There may be 30% to 40% of water shortage in the country if the situation persists till April.
Spokesperson for the Indus River System Authority (Irsa) Muhammad Khalid Rana told media on Thursday,
“The situation is very alarming as the water storage in Tarbela and Mangla reservoirs has considerably dropped due to below normal rains in the catchment areas and snow melting,”
“And if this situation persists till April, it will definitely disturb agriculture and power generation/distribution sectors. We’re already facing a 10% water shortage; this is what we had predicted in October last due to below normal rain forecast.”
According to statistics by the Water and Power Development Authority, the water storage and levels in Tarbela, Mangla and Chashma reservoirs and western rivers’ inflows massively dropped this year. The data also reflects a big increase in the water storage in Mangla on the basis of the average of the last five to 10 years.
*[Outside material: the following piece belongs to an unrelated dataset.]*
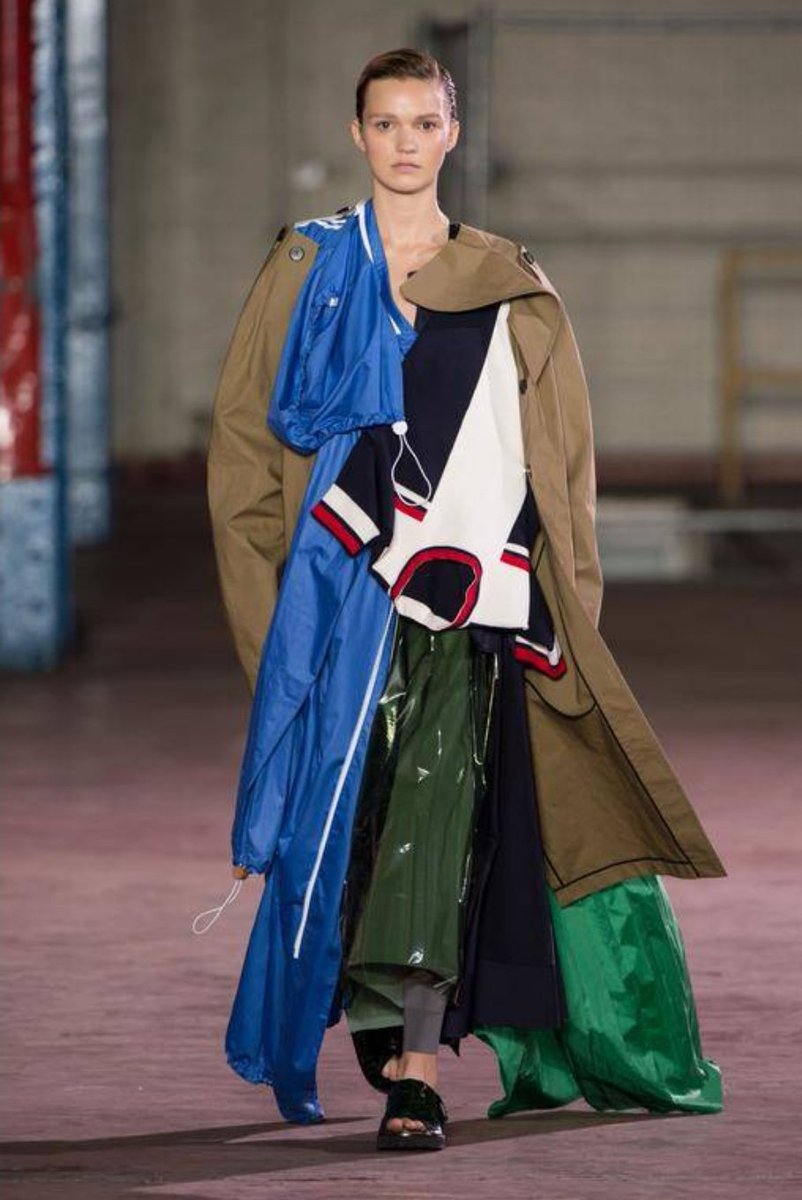 YoStoConTarabas's tweet image. La sedia in camera mia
The figures also show 1,409.52 feet water level in Tarbela, 1130.95 feet in Mangla and 644.00 feet in Chashma as recorded at 6am on Thursday.
Similarly, the water level average in the last five and 10 years recorded in the aforementioned reservoirs remained as 1415.48 feet and 1415.66 feet, 1107.09 feet and 1102.85 feet and 641.50 feet and 642.20 feet respectively.
Likewise, rivers’ inflows also show a massive decline this year when compared with the last year data. The data shows 168,000 cusecs inflow in the River Indus at Tarbela, 4,100 cusecs in the River Kabul at Nowshera, 174,000 cusecs in the River Jhelum at Mangla and 6,500 cusecs in the River Chenab at Marala as recorded on Thursday at 6am.
“KP and Balochistan are exempted from the shortage, as Irsa always fulfills their requirement. But Punjab and Sindh are facing a 10 % water shortage,” Mr. Rana, Irsa official said.
He also said the authority’s advisory committee meeting will soon be held wherein the overall water situation will be discussed.
“In this meeting, the participants will assess the situation and forecast the exact shortage and availability of water,” he maintained.
He said the water shortage forced growers to use tube wells for extracting water for irrigation purposes. But on the other hand, this lowers the underground water table.
“So there should be rainfalls and rise in temperature for snow melting, otherwise the situation would be very problematic,” Rana warned.